The End of LIBOR
The last panel bank fixing in history for USD LIBOR was set at 11:55 am on Friday, June 30, marking the end of LIBOR – the London Interbank Offered Rate – and representing a fundamental shift in the financial landscape. The industry now has a more reliable, resilient and transparent framework for benchmarks which will restore confidence in the financial system.
James von Moltke, Deutsche Bank’s Chief Financial Officer; President and Chair of the industry Working Group on Euro Risk-Free Rates, said:
“The transition from LIBOR to risk-free rates is a monumental milestone for financial markets. Deutsche Bank is honoured to have contributed to this global reform helping to drive solutions through the public-private working groups, including through the Working Group on Euro Risk-Free Rates in Europe, and proactively engaging with our clients to ensure they were well informed, had robust transition plans as well as access to our RFR-based products and solutions. This was a hugely complex undertaking and on behalf of the Group Management Committee I would like the take the opportunity to thank all of those who contributed to the initiative both internally and externally across the globe.”

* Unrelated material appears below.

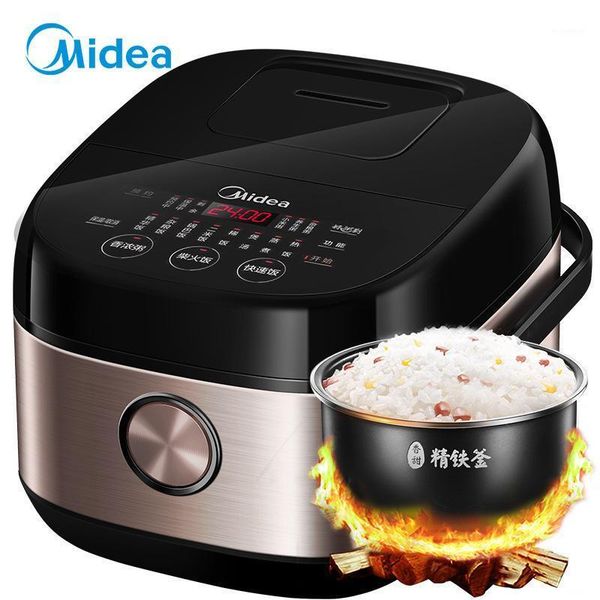 

rice cookers mimei mb-fb50star301 cooker 5l intelligent reservation touch control firewood function1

The London Interbank Offered Rate (LIBOR) has been the dominant interest rate benchmark in global financial markets since the 1980s. It represented the average interest rate at which major banks in London were prepared to lend to each other and, consequently, it served as a common benchmark for a wide range of contracts with panel bank fixings in USD, EUR, GBP, JPY and CHF.
All EUR, GBP, JPY and CHF LIBOR panels ceased at the end of 2021 as well as the 1-week and 2-month USD LIBOR settings. Given the significant use of USD LIBOR globally, the remaining five panel-based USD LIBOR settings were given an additional 18 months to address legacy exposures.
Whether you are a family business funding your expansion; a university graduate with a long-term loan, an exporter protecting against interest and currency rate fluctuations, or a pension fund planning for the future, LIBOR will have played a key role. At its peak, financial contracts worth approximately 350 trillion US dollars used LIBOR as the key reference rate for various financial products.
However, after the benchmark was revealed to be susceptible to manipulation in the aftermath of the 2008 financial crisis, confidence in the integrity and reliability of the rate setting process plummeted. In July 2014 the Financial Stability Board recommended the development of alternative reference rates and in 2017, the UK Financial Conduct Authority (FCA), the regulatory body overseeing LIBOR, announced that LIBOR would be phased out.
In response, major central banks, regulatory bodies and industry organisations joined forces to develop alternative benchmarks or so-called risk-free rates (RFRs) such as the Secured Overnight Financing Rate (SOFR) in the United States, the Sterling Overnight Index Average (SONIA) in the United Kingdom, and the Euro Short-Term Rate (ESTR) in the Eurozone. These rates are based on actual transaction data derived from, for example, overnight repurchase agreements or overnight unsecured lending.